Quel sort sera réservé au projet de loi du ministre Cardy par ses collègues députés de l’Assemblée législative? Déjà le chef libéral, Kevin Vickers, a laissé savoir que les députés de son caucus pourront voter librement selon leur conscience.

Que va faire le premier ministre Blaine Higgs? Il serait surprenant qu’il fasse du projet de loi du ministre Cardy un vote de confiance à l’endroit de son gouvernement. Plusieurs députés progressistes-conservateurs pourraient s’abstenir ou encore voter contre le projet de loi. Même des ministres du cabinet pourraient faire de même. Déjà Dominic Cardy a fait savoir publiquement que ses collègues devraient voter en faveur de son projet de loi ou sinon devoir démissionner. Les propos incendiaires du ministre Cardy causent sûrement des remous tant dans le caucus progressiste-conservateur qu’au sein du cabinet.

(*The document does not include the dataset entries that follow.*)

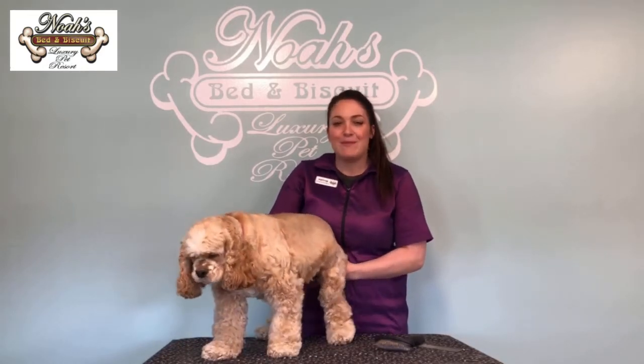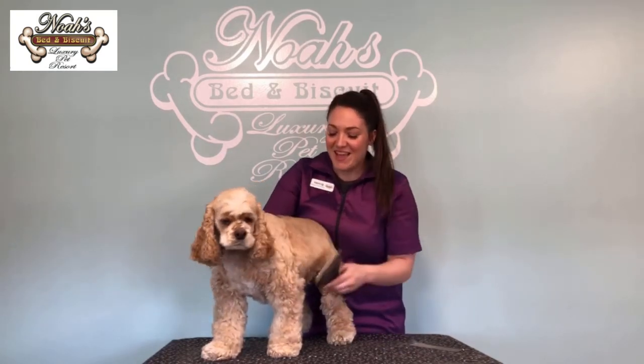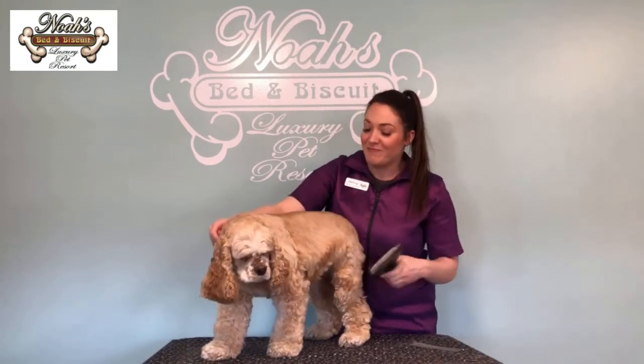Hey guys, it's Brooke again, the groomer here at Noah's. In between grooming, you should always make sure that you brush and comb at home. I'm going to show you and demonstrate here on Maggie just what I need you guys to do at home to make grooming easier for me and you. I'm going to grab you a slicker.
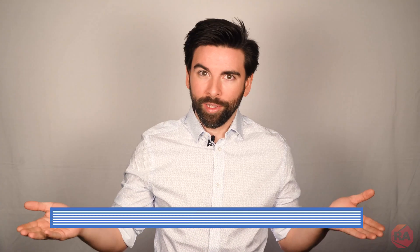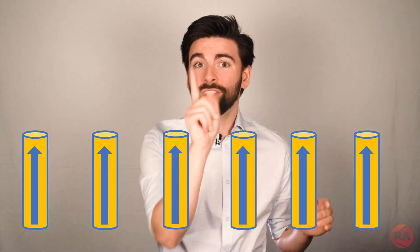The original machine had a base plate of prefabulated amulite surmounted by a malleable logarithmic casing in such a way that the two sperving bearings were in a direct line with the panometric fan. The lineup consisted simply of six hydrocoptic Marzel vanes, so fitted to the ambifacior lunar wane shaft that side fumbling was effectively prevented.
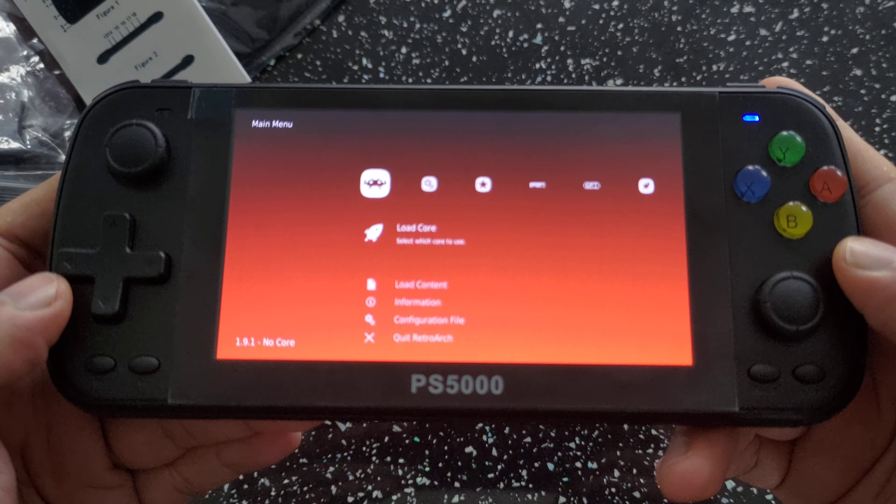Let's go ahead and power it on. Please note that I've replaced the stock OS with the new Rooker team firmware — this was an early beta version I'm demoing, but it's now officially launched. As you can see, if you're into retro gaming you'll know what this is: it's RetroArch. I presume you guys know how to use it; if not, I'd research it. I've loaded all my systems into the console.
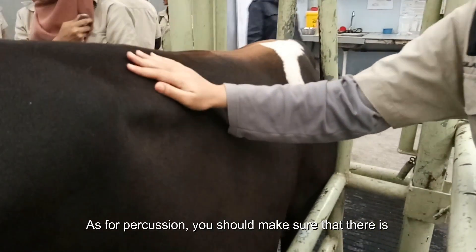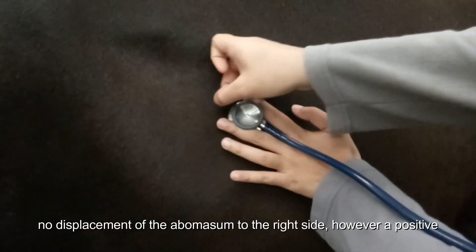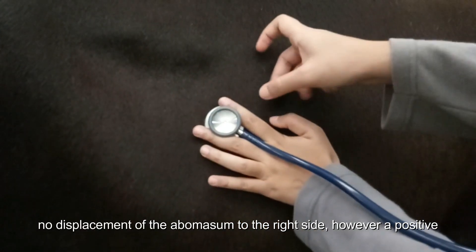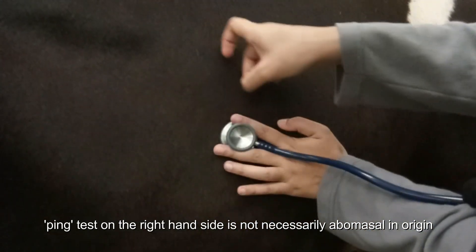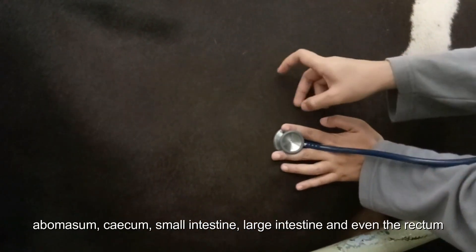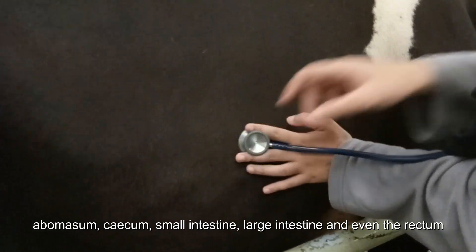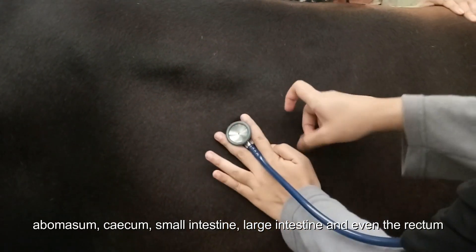As for percussion, you should make sure that there is no displacement of the abomasum to the right side. However, a positive ping test on the right hand side is not necessarily abomasal in origin. A right-sided ping can originate from the abomasum, cecum, small intestine, large intestine and even the rectum.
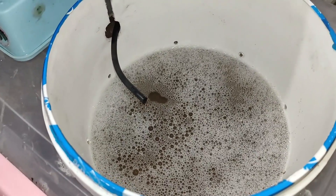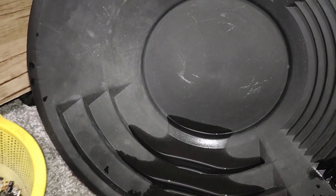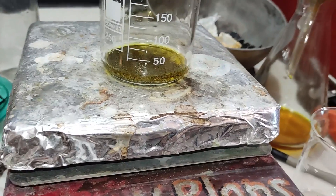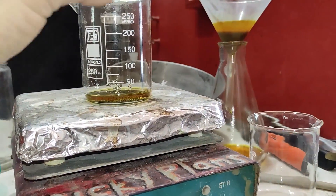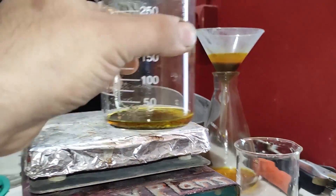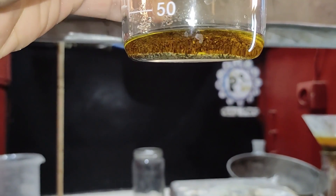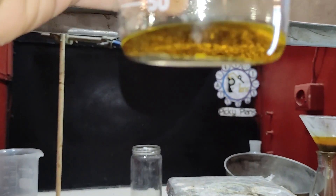I transferred everything to my gold pan and got a clean powder with no trace of iron sulfide remaining. I then placed it on the hot plate and made some aqua regia. As you can see, there was still some trace of iron sulfate which changed the solution color, but the majority of the powder is black sand and other regular material.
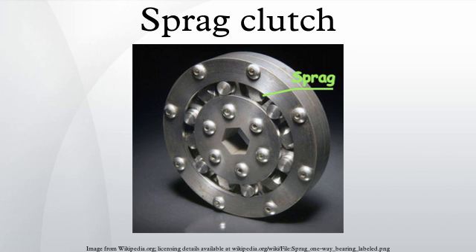On conveyor drives, a Sprague clutch is used for indexing and anti-run back.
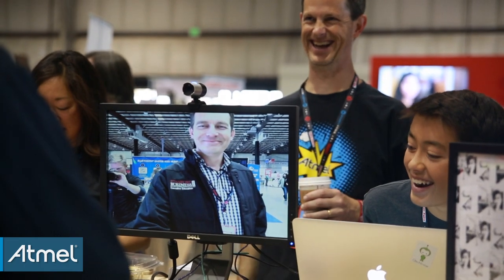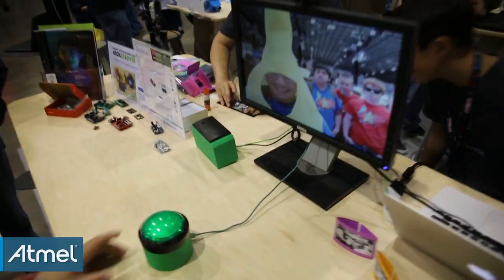Once you hit the button it triggers a processing sketch to start, and that processes the image taken on the webcam. From there it's processed to the thermal printer. The thermal printer prints out a little black-and-white image of you and your friends, and we put it in a little frame too.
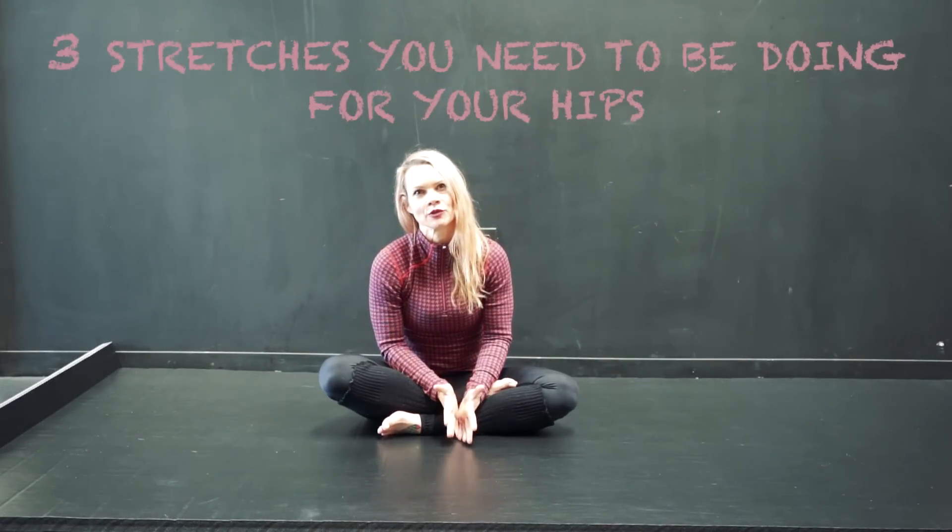Hi, I'm Kira Newton and I'd like to show you three stretches that you should be doing for your hips.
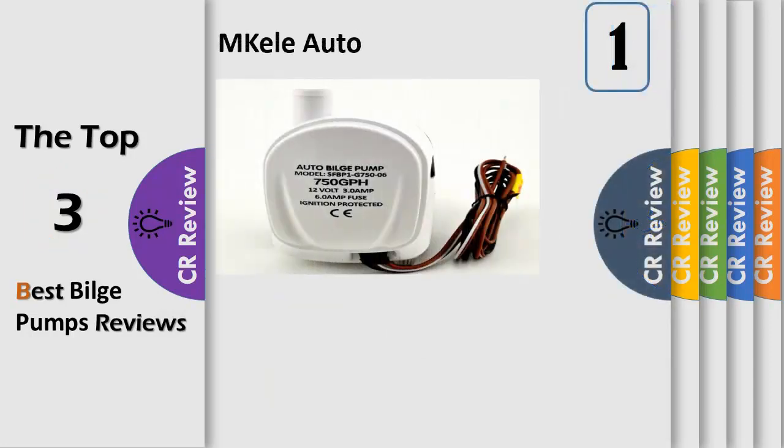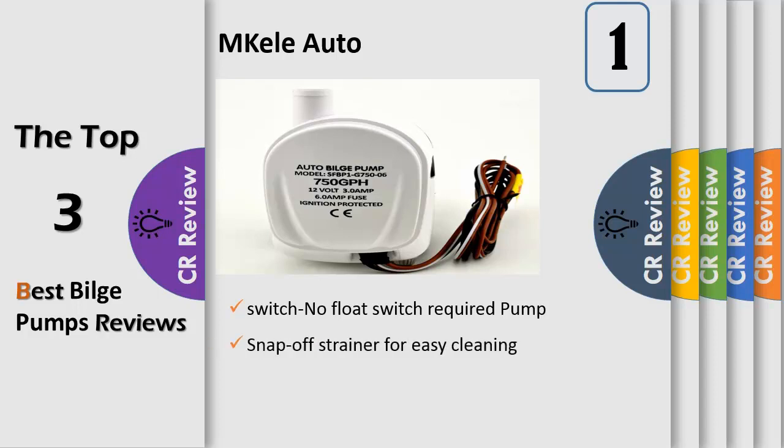Number 1. All-in-one pump switch — no float switch required. Pump turns on when water level rises and shuts off when water is removed. Will not pump straight motor oil that enters the bilge, and will not turn the pump on. Snap-off strainer for easy cleaning, anti-airlock impeller. Available in 750 GPH and 2271 models, including 24-volt versions.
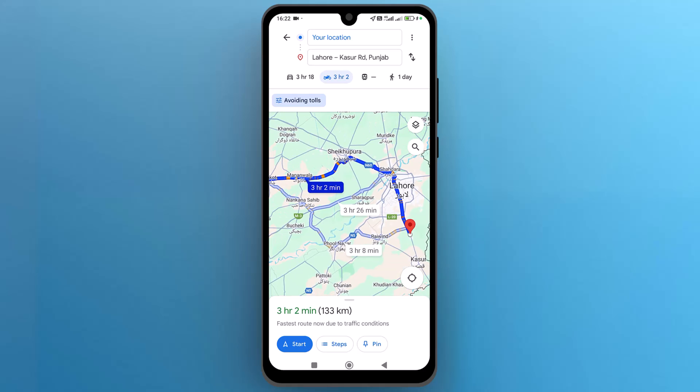And that's it. This is how you can activate bike mode on Google Maps. I hope this video is helpful for you. For more information, subscribe to our YouTube channel and thank you for watching.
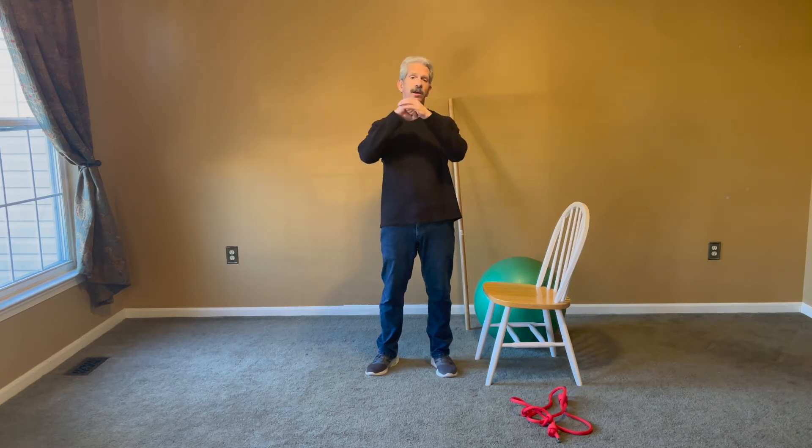Hi, this is Dr. K from the Center for Functional Health and today I want to talk about hip mobility. Your hip joint is a ball and socket joint and our goal behind hip mobility is to keep it mobile. The more mobile you are the better you are.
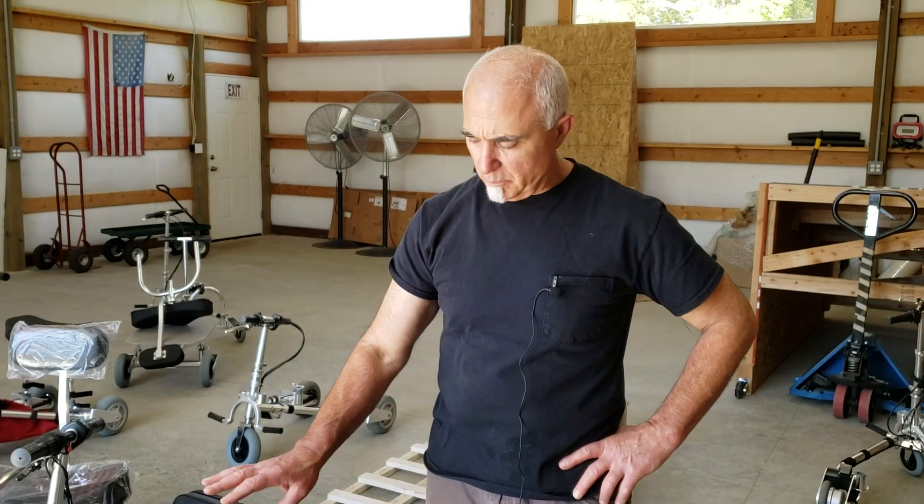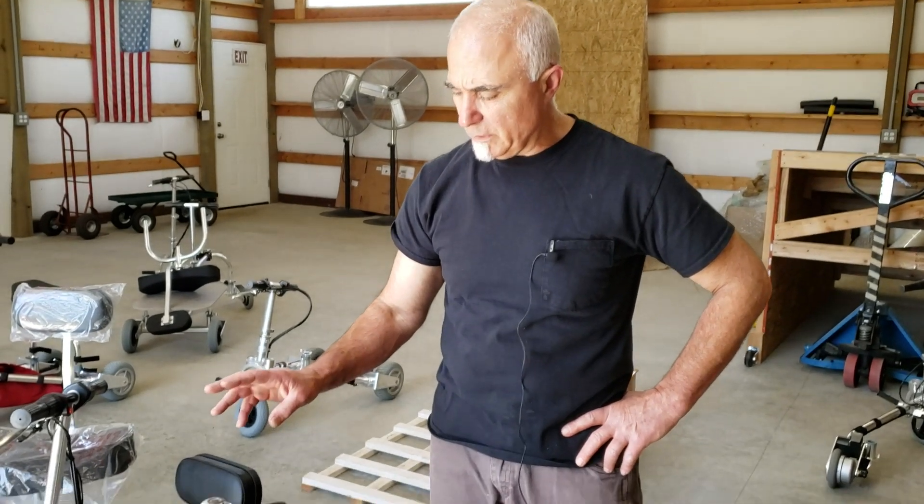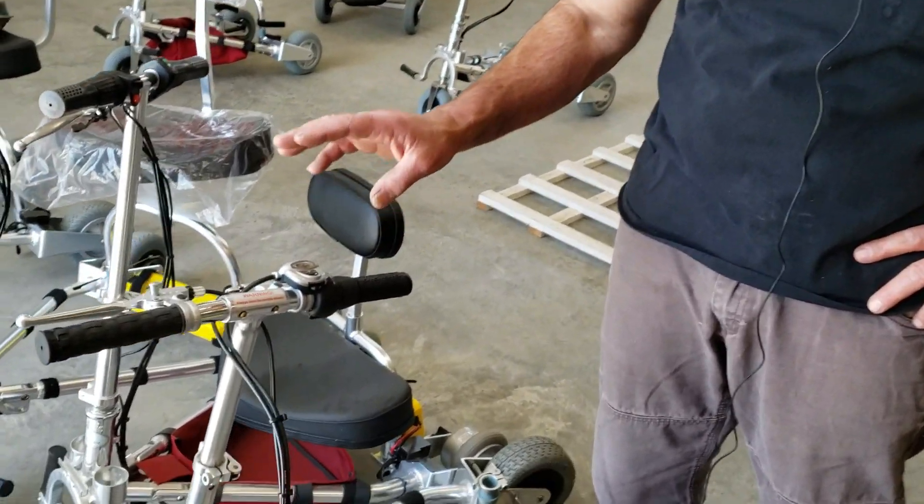Hi folks, this is Tony at TravelScoot. In this video I'm just going to go over the controls on the TravelScoot models very briefly.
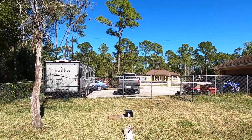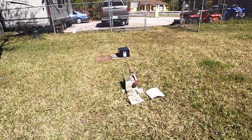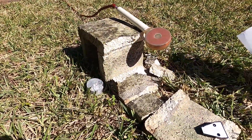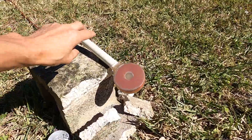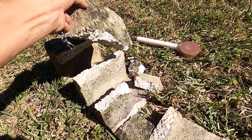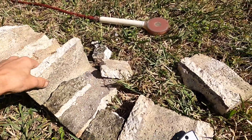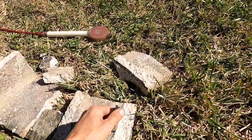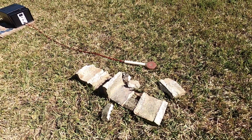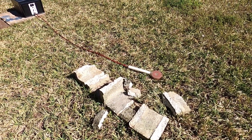It was about 20 feet or so. But check this out — we got broken concrete again. This is the second brick that's now broken. One pulse — that's how strong this unit is.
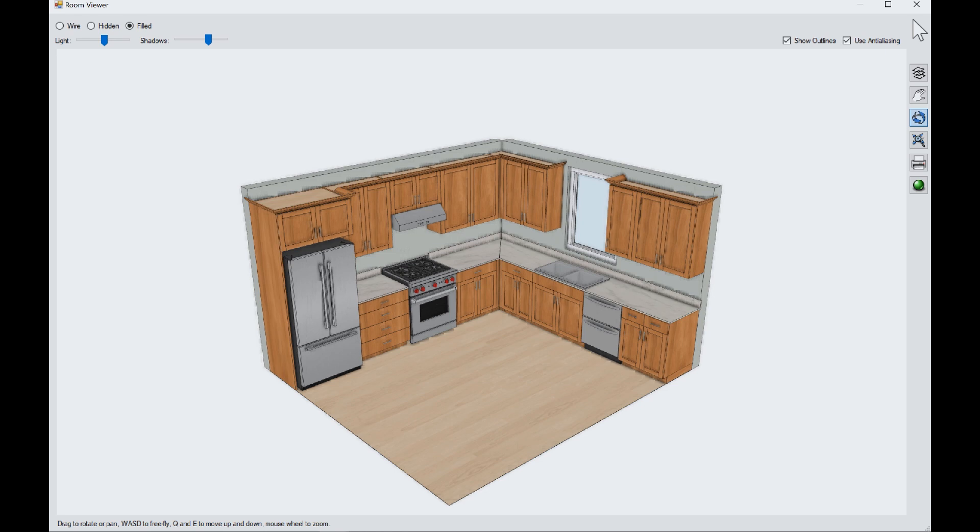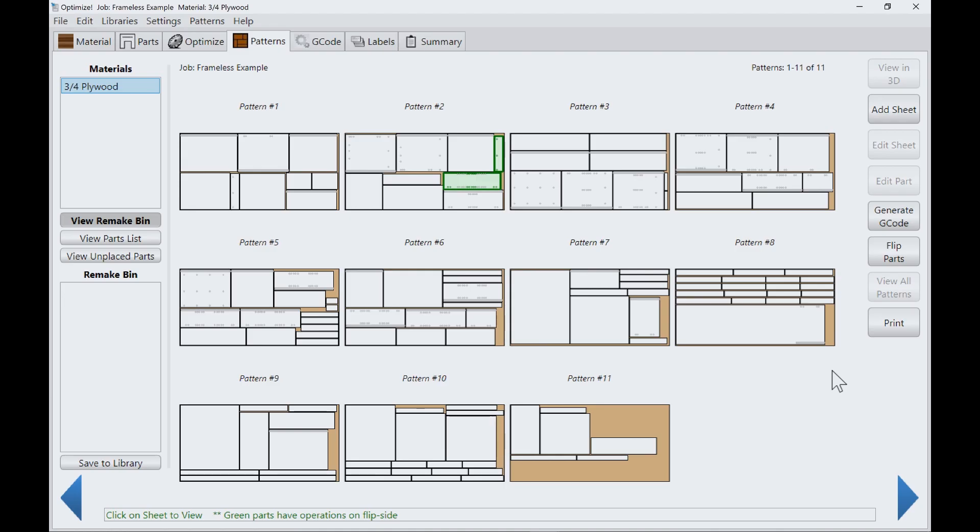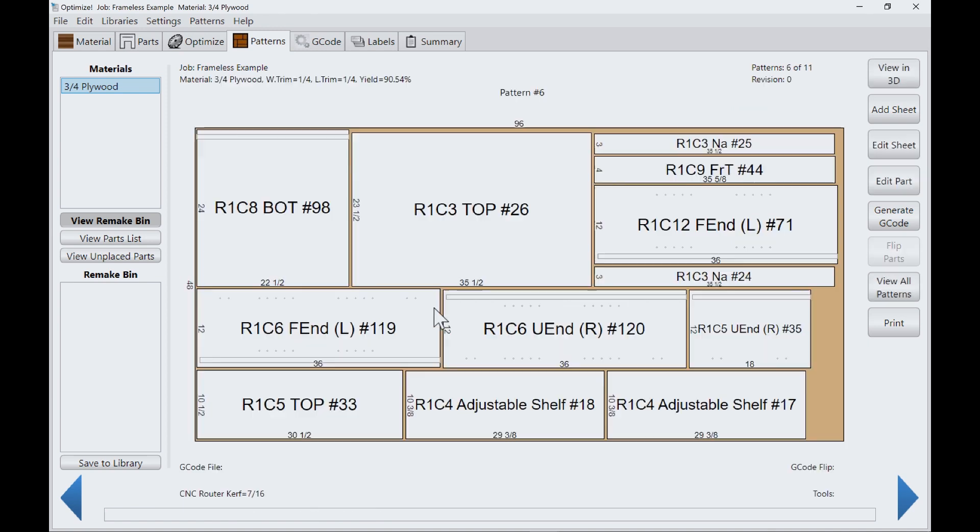Here's a 3D rendering from Mosaic of a sample job that actually installs when you load the software. It's made out of 3/4 inch plywood and takes about 11 sheets of material. This is what the machine sees when it looks at that job — 11 sheets of plywood with all the parts nested on the sheets for maximum yield, including all the holes and different operations required to machine it.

Comme le projet de loi 39 apporte également des modifications à la Loi sur la santé publique, comment peut-on interpréter le silence du ministre de la Santé, Ted Flemming? Pourtant celui-ci est reconnu pour ne pas avoir la langue dans sa poche.

Dominic Cardy savourait récemment sa demi-victoire lorsqu’il réussit à abolir les cours de mandarin offerts par l’Institut Confucius pour les élèves anglophones de la première à la huitième année. Celui s’est désolé que le programme sera offert aux élèves anglophones du secondaire jusqu’en 2022. Comme l’écrivait mon collègue Roromme Chantal dans sa chronique hebdomadaire dans l’Acadie Nouvelle, «Confucius manquera au Nouveau-Brunswick».

La Chine est la principale puissante émergente du 21e siècle et le mandarin est une langue qui prendra beaucoup d’importance. Malgré ses imperfections, les cours de mandarin offerts dans la province par l’Institut Confucius permettaient à des milliers d’élèves d’apprendre la langue et se familiariser avec la culture chinoise depuis 2016.

Comme Canadien et Néo-Brunswick nous avons la chance de vivre dans une démocratie libérale avec un libre accès à l’information. Les craintes du ministre Cardy de voir nos jeunes endoctrinés par la «propagande» communiste chinoise sont exagérées.

Après un été fort chargé, Dominic Cardy semble avoir besoin de repos!